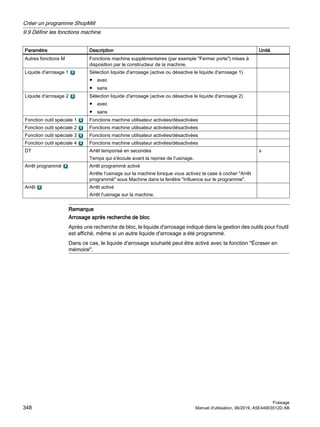 Paramètre Description Unité
Autres fonctions M Fonctions machine supplémentaires (par exemple Fermer porte) mises à
disposition par le constructeur de la machine.
Liquide d'arrosage 1 Sélection liquide d'arrosage (active ou désactive le liquide d'arrosage 1)
● avec
● sans
Liquide d'arrosage 2 Sélection liquide d'arrosage (active ou désactive le liquide d'arrosage 2)
● avec
● sans
Fonction outil spéciale 1 Fonctions machine utilisateur activées/désactivées
Fonction outil spéciale 2 Fonctions machine utilisateur activées/désactivées
Fonction outil spéciale 3 Fonctions machine utilisateur activées/désactivées
Fonction outil spéciale 4 Fonctions machine utilisateur activées/désactivées
DT Arrêt temporisé en secondes
Temps qui s'écoule avant la reprise de l'usinage.
s
Arrêt programmé Arrêt programmé activé
Arrête l'usinage sur la machine lorsque vous activez la case à cocher Arrêt
programmé sous Machine dans la fenêtre Influence sur le programme.
Arrêt Arrêt activé
Arrêt l'usinage sur la machine.
Remarque
Arrosage après recherche de bloc
Après une recherche de bloc, le liquide d'arrosage indiqué dans la gestion des outils pour l'outil
est affiché, même si un autre liquide d'arrosage a été programmé.
Dans ce cas, le liquide d'arrosage souhaité peut être activé avec la fonction Écraser en
mémoire.
Créer un programme ShopMill
9.9 Définir les fonctions machine
Fraisage
348 Manuel d'utilisation, 06/2019, A5E44903512D AB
━━━━━━━━
→ ASSIGNED TASK
Copy each line above that contains the word "usinage".

→ ANSWER SECTION
Temps qui s'écoule avant la reprise de l'usinage.
Arrête l'usinage sur la machine lorsque vous activez la case à cocher Arrêt
Arrêt l'usinage sur la machine.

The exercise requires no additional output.